Hill-Norton got a response from the government he had dutifully worked for. It was not, however, the reply that he hoped for. The reply came from Baroness Symons of Vernham Dean. She spoke on behalf of the MoD, who provided nothing but a concise comment that didn’t really advance the investigation into the case at all. The baroness said: “The staff at the Defense Evaluation and Research Agency (DERA) Chemic and Biological Defense (CBD) laboratories at Porton Down have made a thorough search of their archives and have found no record of any such visits.” It has to be said that government agencies – and their fawning lackeys – can be extremely careful about what they say and how they say it. It should be noted that Baroness Symons never said that there was no Rendlesham-Porton link. What she said was that no evidence of such a connection had been found. That’s a very different thing, altogether. Playing things carefully and tactfully provides government personnel with a perfect “get out clause,” in the event that additional information might later surface that shows the earlier claims to have been erroneous.

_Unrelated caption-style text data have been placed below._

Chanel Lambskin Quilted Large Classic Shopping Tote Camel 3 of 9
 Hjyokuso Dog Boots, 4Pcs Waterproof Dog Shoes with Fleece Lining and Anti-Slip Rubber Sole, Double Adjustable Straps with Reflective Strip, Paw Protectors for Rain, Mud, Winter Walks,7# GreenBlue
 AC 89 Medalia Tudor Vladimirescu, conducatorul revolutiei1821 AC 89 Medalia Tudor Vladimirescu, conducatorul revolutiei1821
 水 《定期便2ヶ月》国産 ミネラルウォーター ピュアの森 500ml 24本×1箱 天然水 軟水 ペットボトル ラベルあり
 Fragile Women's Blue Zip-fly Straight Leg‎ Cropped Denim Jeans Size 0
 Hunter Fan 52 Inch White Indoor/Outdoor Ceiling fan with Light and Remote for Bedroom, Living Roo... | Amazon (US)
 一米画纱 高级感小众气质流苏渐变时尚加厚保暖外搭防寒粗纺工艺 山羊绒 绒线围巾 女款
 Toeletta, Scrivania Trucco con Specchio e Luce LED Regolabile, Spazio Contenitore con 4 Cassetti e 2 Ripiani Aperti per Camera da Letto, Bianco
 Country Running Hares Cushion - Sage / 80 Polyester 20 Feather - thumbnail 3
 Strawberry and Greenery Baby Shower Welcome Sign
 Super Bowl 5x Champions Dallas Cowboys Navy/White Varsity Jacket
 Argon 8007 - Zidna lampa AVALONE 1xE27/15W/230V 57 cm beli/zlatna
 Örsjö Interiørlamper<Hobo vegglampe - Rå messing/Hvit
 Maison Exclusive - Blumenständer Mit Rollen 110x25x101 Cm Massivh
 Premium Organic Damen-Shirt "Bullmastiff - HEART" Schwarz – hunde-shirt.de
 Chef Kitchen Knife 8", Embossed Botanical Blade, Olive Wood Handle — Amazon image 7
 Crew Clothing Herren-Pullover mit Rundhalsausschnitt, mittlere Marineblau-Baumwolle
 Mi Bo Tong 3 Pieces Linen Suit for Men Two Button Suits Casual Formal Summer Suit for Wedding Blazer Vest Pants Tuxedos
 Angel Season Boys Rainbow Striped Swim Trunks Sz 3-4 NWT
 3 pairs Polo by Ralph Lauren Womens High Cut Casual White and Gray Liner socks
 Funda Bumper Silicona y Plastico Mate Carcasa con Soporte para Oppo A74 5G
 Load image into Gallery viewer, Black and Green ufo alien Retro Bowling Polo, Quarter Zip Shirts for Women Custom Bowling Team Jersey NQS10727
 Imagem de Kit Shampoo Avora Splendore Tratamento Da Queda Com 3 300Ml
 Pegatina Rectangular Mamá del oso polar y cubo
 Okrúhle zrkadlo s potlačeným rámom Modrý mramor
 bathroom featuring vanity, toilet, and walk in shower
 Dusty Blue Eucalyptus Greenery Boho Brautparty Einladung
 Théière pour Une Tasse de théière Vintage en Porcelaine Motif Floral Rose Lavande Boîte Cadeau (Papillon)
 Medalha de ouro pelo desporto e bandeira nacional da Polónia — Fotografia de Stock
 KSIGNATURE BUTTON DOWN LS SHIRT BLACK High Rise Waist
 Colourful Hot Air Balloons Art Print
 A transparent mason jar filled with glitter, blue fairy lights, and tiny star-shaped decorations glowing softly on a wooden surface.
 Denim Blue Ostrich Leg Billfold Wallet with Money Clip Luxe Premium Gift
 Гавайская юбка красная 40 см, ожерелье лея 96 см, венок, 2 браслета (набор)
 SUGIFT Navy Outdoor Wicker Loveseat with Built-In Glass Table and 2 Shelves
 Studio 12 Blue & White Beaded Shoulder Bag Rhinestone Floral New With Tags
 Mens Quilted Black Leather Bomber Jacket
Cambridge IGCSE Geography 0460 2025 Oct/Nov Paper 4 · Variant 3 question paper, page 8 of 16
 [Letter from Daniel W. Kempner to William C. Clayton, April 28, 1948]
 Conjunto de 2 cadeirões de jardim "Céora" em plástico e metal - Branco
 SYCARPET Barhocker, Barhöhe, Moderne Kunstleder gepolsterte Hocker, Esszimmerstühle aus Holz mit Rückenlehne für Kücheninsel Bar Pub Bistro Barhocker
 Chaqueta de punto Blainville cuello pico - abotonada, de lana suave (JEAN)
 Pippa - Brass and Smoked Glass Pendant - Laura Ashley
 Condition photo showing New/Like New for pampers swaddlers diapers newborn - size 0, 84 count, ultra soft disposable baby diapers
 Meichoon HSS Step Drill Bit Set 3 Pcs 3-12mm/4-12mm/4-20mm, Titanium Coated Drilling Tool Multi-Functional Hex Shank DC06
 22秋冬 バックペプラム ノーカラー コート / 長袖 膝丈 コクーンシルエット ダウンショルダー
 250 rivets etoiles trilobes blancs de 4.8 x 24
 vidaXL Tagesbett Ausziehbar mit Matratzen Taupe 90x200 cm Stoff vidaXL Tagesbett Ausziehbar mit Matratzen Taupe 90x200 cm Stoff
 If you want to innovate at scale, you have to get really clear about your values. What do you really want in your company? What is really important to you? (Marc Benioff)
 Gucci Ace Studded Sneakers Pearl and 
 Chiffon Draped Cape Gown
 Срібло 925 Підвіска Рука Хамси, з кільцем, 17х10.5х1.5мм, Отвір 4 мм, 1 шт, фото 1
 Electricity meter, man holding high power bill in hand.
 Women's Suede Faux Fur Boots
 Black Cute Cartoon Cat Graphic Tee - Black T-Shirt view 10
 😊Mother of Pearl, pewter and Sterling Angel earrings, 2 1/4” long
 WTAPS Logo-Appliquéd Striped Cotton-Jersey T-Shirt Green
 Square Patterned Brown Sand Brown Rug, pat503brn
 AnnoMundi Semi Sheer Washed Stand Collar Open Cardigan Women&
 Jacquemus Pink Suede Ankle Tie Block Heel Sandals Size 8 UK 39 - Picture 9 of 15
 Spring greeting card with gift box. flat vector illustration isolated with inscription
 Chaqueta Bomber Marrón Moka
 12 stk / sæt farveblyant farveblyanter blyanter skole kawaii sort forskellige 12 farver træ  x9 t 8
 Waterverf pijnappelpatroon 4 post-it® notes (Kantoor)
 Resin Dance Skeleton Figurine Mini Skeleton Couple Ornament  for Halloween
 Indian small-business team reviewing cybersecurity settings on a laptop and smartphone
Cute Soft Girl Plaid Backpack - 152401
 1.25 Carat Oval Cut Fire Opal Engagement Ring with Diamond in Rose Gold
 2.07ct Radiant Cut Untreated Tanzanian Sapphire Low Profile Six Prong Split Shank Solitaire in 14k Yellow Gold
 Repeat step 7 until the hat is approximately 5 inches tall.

Mind-control, hallucinogens, holograms, and a location that has been a hotbed for highly classified experiments since the 1930s: they were all key components that led to the creation of one of the most famous UFO cases of all time. Except for one thing: the whole situation was nothing but an incredible, disturbing, series of tests to see just how far the human mind could be manipulated – and how such technologies could potentially, one day, play significant roles on the battlefield.